■ Exercise
Scan the records beneath this line for the line holding "Tech Support and" and the line holding "French Polynesia Bastille", then transcribe exactly those two and all lines between.

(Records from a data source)
Start of Block

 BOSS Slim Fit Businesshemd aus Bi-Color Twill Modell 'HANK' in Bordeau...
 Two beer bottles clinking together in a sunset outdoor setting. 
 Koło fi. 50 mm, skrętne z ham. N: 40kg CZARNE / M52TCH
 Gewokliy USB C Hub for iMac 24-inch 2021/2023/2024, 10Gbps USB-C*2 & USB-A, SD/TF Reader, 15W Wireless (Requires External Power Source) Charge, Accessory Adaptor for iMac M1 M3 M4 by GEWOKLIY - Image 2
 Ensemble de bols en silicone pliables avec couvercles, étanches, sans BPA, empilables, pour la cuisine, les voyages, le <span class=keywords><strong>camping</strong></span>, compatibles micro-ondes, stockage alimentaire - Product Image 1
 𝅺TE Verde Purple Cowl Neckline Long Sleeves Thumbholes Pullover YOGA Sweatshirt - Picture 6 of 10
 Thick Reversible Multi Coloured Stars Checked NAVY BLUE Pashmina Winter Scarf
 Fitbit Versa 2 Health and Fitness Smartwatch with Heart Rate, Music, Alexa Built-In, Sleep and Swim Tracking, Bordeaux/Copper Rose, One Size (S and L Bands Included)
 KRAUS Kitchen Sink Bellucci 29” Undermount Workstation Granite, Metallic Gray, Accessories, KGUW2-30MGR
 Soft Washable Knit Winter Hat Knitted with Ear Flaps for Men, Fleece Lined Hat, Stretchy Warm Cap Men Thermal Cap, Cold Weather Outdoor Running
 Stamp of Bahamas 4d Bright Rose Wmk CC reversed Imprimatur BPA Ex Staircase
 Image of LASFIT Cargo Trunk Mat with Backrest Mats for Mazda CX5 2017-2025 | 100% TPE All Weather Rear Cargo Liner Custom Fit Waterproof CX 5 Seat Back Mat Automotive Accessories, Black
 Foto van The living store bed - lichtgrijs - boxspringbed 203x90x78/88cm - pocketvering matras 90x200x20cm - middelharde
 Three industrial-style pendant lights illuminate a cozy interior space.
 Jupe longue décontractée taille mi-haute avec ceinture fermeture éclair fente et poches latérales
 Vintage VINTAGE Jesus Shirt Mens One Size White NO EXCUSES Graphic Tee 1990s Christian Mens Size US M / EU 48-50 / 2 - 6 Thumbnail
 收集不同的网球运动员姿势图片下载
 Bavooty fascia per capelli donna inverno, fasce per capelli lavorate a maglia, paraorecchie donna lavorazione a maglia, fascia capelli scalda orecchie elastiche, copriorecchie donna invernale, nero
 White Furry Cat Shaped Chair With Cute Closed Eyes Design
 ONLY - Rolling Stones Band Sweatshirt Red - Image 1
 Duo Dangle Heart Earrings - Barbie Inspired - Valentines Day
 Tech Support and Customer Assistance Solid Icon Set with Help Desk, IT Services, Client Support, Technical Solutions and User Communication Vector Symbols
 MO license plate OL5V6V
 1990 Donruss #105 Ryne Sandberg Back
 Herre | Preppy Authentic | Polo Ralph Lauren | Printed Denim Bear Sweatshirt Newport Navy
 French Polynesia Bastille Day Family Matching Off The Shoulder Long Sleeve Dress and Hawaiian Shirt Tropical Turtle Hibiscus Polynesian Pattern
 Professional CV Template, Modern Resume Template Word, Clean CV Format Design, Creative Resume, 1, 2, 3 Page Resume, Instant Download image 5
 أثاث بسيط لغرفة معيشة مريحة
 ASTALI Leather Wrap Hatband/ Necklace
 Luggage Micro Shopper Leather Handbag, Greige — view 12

End of Block

■ Task result
 Tech Support and Customer Assistance Solid Icon Set with Help Desk, IT Services, Client Support, Technical Solutions and User Communication Vector Symbols
 MO license plate OL5V6V
 1990 Donruss #105 Ryne Sandberg Back
 Herre | Preppy Authentic | Polo Ralph Lauren | Printed Denim Bear Sweatshirt Newport Navy
 French Polynesia Bastille Day Family Matching Off The Shoulder Long Sleeve Dress and Hawaiian Shirt Tropical Turtle Hibiscus Polynesian Pattern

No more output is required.